Era mio padre

In un bel affresco dell’America anni ’30 colorata da una patina grigio-oro, si sviluppa l’avventura del gangster Michael O’Sullivan e di suo figlio. Storia di un viaggio, storia di una disperata vendetta, ma anche storia del rapporto tra un padre e suo figlio.

Apprezzabili silenzi fioccano in una godibile sceneggiatura che lascia molto spazio alle immagini, mentre un buon Tom Hanks veste gli insoliti panni di un duro vecchio stampo, di poche parole, "onesto" uomo d’onore che non perdona l’offesa, tanto più se questa odora di morte.
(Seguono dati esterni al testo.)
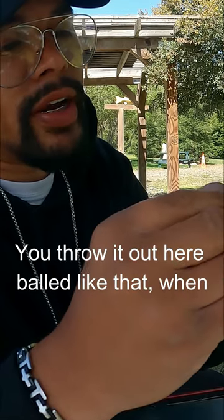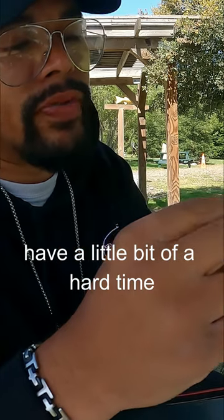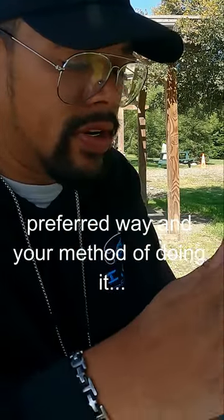When you throw it out here bald like that, when it gets in their mouth, those treble hooks have a little bit of a hard time hooking into them. I've lost fish doing it this way, so my preferred way and method of doing it —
Dopo i fastidiosi latrati venduti per "dialetto siciliano" di Aldo, Giovanni e Giacomo, assistere ad un’opera ben calibrata in ogni sua parte, misurata ma non noiosa e soprattutto senza gangster che trascinano le parole con timbro siculo, è una vera e propria goduria per i sensi, soprattutto per le orecchie.
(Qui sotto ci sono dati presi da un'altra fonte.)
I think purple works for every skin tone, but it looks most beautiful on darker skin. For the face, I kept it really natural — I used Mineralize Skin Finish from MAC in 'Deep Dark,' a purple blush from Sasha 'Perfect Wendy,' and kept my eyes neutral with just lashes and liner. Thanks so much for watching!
Le musiche accompagnano decorosamente le immagini amalgamandosi bene con un ritmo uniforme che lascia scorrere il film senza appesantimenti o improvvise accelerazioni. Su tutto si avverte la dolce mano della "medietas": niente è sopra le righe e niente è al di sotto; il gusto di narrare non si abbandona a facili e banali dialoghi, l’agire dei personaggi è racchiuso in sequenze fatte di azioni più che di parole, ma queste, quando vengono pronunciate, pesano. Una scrittura che riprende alcuni aspetti utilizzati nel precedente "American Beauty", film certamente più hollywoodiano, dal ritmo più sostenuto e una maggiore integrazione fra musica, immagini e sceneggiatura, ma vicino a Era mio padre nell’utilizzo psicologico delle scene. Il rapporto tra padre e figlio è quasi mai affrontato verbalmente, bensì attraverso ciò che Michael jr. vede fare a suo padre. Sparatorie, omicidi e sangue ribollono con frequenza, ma grazie ai rallenty e alle particolari inquadrature a catturare la nostra attenzione non è la violenza delle scene, ma la psicologia del ragazzo che quelle scene vede. Siamo sulla scia di American Beauty, quindi, trasportata in ambiente noir.

Peccato per la parte finale, che si libera della patina ‘anni 30 per aprirsi a colori vivi e luminosi, sciupata però da un retorico ed evitabile dialogo conclusivo tra padre e figlio, che, se nelle intenzioni del regista doveva firmare il significato del film, non fa altro invece che calpestare i piedi ad una scena eloquente di per se stessa. Piccola macchia che non fa certo ombra ad un ottimo lavoro.